Steber has worked in 63 countries as a freelance magazine photographer. While working as Director of Photography of The Miami Herald, the paper’s photo staff won a Pulitzer and were twice finalists for this coveted award. Her extensive work in Haiti in the 1980s and 1990s was published in an Aperture monograph entitled Dancing on Fire. Steber’s work is included in many private and museum collections as well as the Library of Congress.  She has been a recipient of grants from the Alicia Patterson Foundation, the Ernst Haas Foundation and the Knight Foundation.

CARLOS RENÉ PEREZ:  In a remarkable contrast, the diversity of Perez’s work exemplifies the role of the photographer as artist.  During almost 20 years of Leica Gallery’s existence, Perez has been a regular contributor to its calendar.  With this exhibition, An Artist’s Life, he shows a remarkable multiplicity of style, vision and technical control, all along maintaining a truly personal perspective.

His work spans 45 years beginning with traditional street photography but then veering off to fanciful tabletop toy adventures, and on to gilded masterworks inspired by Renaissance illuminations.  In recent years his photographs have been influenced by Edward Hopper's paintings by focusing on the solitary experiences and encounters of individuals in intimate and introspective moments.
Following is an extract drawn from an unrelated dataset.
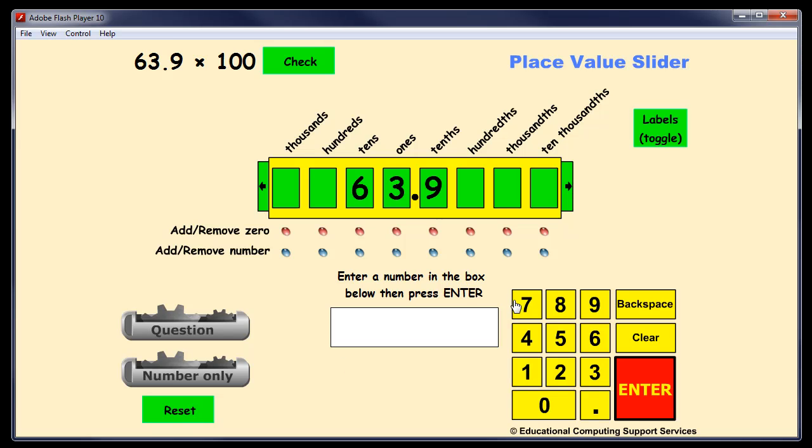So that's the overview of the place value slider. I found it a very effective tool for illustrating this particular concept. That's it.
In particular Perez’s photographs Hamburgers, 1967 and Military Plaza, 1968 are examples of his early attempts at documenting a sense of existential isolation. The concept reappears in his more recent works like 1904 Newsstand, 2006 and John’s Deli, 2010.   Perez refers to these images as moments of presence and absence. To a greater extent they represent the circular nature of his creative journey.
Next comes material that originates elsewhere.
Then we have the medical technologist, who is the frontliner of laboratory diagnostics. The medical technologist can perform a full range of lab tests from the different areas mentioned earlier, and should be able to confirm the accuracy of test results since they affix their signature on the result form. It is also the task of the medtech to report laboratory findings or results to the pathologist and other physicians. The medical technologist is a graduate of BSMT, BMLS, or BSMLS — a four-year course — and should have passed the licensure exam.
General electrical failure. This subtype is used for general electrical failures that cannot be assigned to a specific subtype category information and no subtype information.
An Artist’s Life presents a highly diverse and mature vision. “For me,” Perez explains, “the creative odyssey is a cyclical undertaking. Start one place, move on, and start again: The creative circle.”

Carlos René Perez has consistently exhibited his fine art photography over the years in New York and in Texas and his work is in many private collections across the United States.  Commercially he has worked with Associated Press, USA Today and US News & World Report; Pratt Institute and Columbia University; New York Presbyterian and New York University Medical Centers; Bloomberg News; and 20 years covering New York fashion shows.

The exhibit opens Thursday April 18, 2013 and runs through June 1, 2013. Hours for the opening are from 5-8pm. Regular gallery hours are from Tuesday through Friday, 12-6pm and Saturdays from 12-5pm.